> **What you will do**
Exactly how many lines in the entries contain "Toyota"? Give that number alone.

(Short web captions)
━━━━

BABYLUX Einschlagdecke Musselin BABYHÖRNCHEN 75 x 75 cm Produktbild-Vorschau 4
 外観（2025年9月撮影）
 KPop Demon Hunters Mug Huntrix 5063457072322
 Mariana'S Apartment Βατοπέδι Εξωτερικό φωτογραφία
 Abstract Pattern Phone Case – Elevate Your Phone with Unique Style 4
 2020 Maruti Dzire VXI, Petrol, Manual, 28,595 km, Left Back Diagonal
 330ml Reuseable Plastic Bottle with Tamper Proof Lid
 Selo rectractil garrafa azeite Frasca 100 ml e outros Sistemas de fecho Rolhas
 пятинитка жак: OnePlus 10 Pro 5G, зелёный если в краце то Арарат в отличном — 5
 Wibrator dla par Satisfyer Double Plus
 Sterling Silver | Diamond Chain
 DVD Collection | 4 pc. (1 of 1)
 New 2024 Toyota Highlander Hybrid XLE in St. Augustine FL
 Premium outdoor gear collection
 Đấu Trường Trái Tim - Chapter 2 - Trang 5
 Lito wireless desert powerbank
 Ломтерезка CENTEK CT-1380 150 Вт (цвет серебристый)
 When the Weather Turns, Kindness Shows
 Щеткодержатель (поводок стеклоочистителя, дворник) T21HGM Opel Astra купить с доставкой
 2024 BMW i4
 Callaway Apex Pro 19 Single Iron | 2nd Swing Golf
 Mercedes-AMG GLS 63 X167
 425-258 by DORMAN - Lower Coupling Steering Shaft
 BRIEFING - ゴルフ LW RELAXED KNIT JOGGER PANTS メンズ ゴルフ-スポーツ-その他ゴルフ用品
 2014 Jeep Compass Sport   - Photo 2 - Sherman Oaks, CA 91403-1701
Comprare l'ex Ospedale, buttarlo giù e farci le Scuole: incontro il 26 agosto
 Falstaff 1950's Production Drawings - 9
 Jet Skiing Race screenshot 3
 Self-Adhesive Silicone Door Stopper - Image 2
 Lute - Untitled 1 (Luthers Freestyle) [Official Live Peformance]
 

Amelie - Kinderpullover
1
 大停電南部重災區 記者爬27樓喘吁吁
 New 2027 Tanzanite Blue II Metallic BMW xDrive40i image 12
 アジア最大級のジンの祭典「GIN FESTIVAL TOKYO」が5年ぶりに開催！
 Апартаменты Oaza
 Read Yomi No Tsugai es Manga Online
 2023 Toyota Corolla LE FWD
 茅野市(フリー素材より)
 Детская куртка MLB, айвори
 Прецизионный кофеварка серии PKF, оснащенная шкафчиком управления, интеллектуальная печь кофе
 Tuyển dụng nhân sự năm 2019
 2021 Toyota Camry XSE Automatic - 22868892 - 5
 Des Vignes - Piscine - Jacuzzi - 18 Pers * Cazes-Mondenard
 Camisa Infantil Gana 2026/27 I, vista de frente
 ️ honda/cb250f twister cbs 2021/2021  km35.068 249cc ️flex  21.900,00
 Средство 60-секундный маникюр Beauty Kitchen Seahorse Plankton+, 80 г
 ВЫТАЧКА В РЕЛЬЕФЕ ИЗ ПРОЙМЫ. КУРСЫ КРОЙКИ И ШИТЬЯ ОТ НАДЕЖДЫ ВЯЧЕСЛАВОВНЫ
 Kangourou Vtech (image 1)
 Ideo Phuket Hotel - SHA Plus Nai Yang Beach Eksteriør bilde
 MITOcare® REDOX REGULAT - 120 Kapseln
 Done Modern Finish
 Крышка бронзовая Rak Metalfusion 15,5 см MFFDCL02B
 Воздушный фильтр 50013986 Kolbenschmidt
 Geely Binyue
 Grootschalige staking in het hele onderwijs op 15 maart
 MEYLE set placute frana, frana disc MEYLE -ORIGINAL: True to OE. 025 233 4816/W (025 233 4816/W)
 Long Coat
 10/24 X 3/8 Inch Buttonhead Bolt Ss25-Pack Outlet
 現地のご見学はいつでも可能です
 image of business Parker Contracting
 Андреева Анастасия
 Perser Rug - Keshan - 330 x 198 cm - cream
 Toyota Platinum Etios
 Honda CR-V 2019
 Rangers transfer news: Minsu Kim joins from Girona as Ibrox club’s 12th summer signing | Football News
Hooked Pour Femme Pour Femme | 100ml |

━━━━

> **Output below**
4